An In-Depth Analysis of the Prop 8 Vote

Taking on claims of a racial divide on same-sex marriage

This 2009 HJF-commissioned study showed ideology, religiosity, and age contributed more to votes for the same-sex marriage ban than race.

When California voters approved the Proposition 8 ban on same-sex marriage in 2008, it came as a shock and a blow to many gay rights activists who had long considered the Golden State a frontier of LGBT acceptance. Prop 8 has since been found to be unconstitutional and public opinion in California has turned against it. But this analysis of the voter demographics helped the marriage equality movement understand the nature of the anti-gay opposition in California and adopt new strategies to better change hearts and minds.

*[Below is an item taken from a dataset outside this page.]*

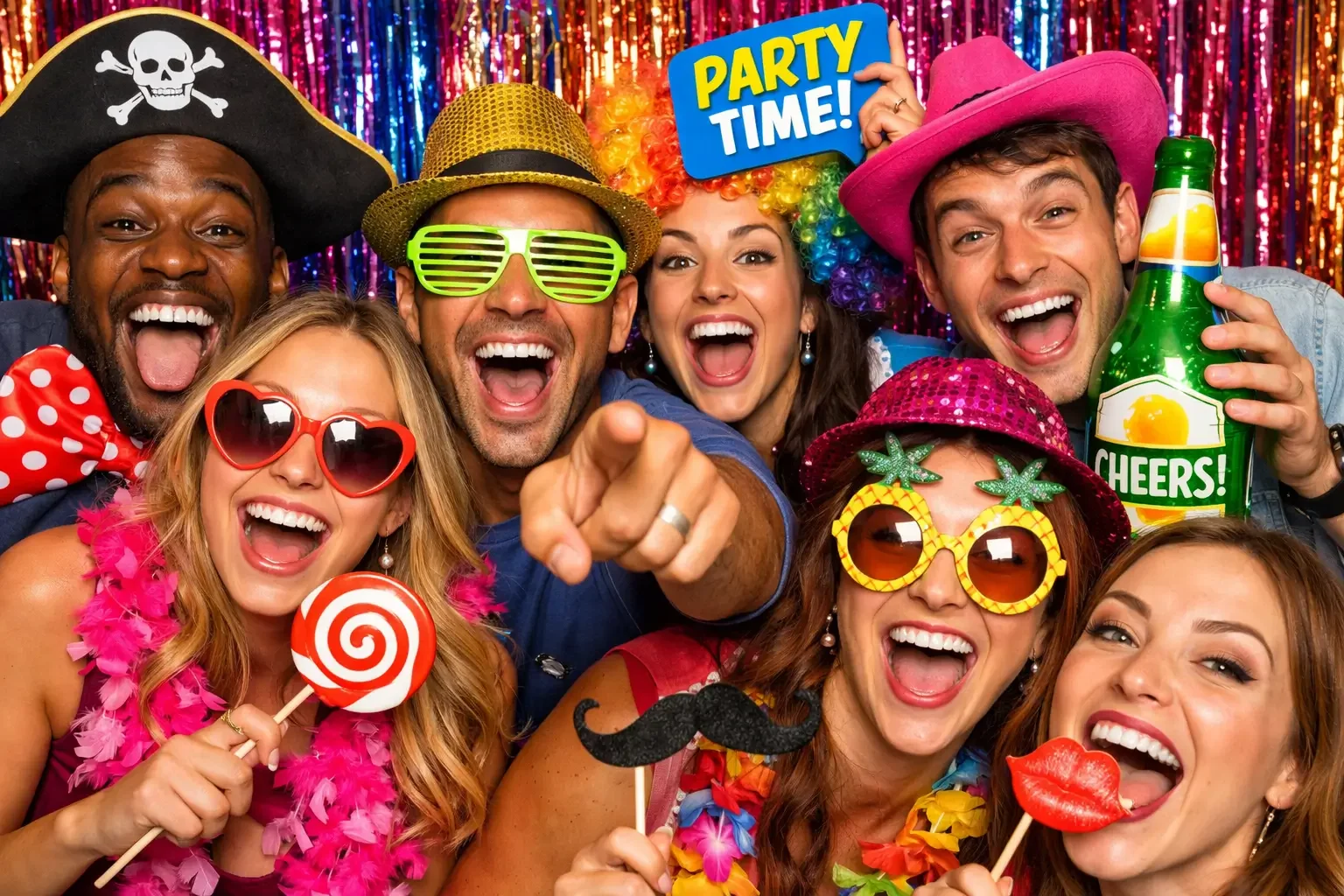 Group of people celebrating at a party, dressed in colorful costumes and accessories, with a shiny, multicolored backdrop.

Party, ideology, church attendance and age drove “yes” vote

Early reports pointed to a racial divide on same-sex marriage. However, this 2009 report, commissioned by the Haas, Jr. Fund, found that age, party affiliation, political ideology, and frequency of attending worship were the major demographic factors that led to the passage of Prop 8. Race, on the other hand, was much less of a factor than many originally believed. This analysis puts African-American support for Proposition 8 at no more than 59 percent — nowhere close to the 70 percent reported the night of the election. Finally, the study shows how support for marriage equality has grown substantially across almost all California demographic groups — except Republicans.

The study was written by Patrick J. Egan of New York University and Kenneth Sherrill of Hunter College, who reviewed polls, and precinct-level voting data from five California counties with the highest number of African-American voters.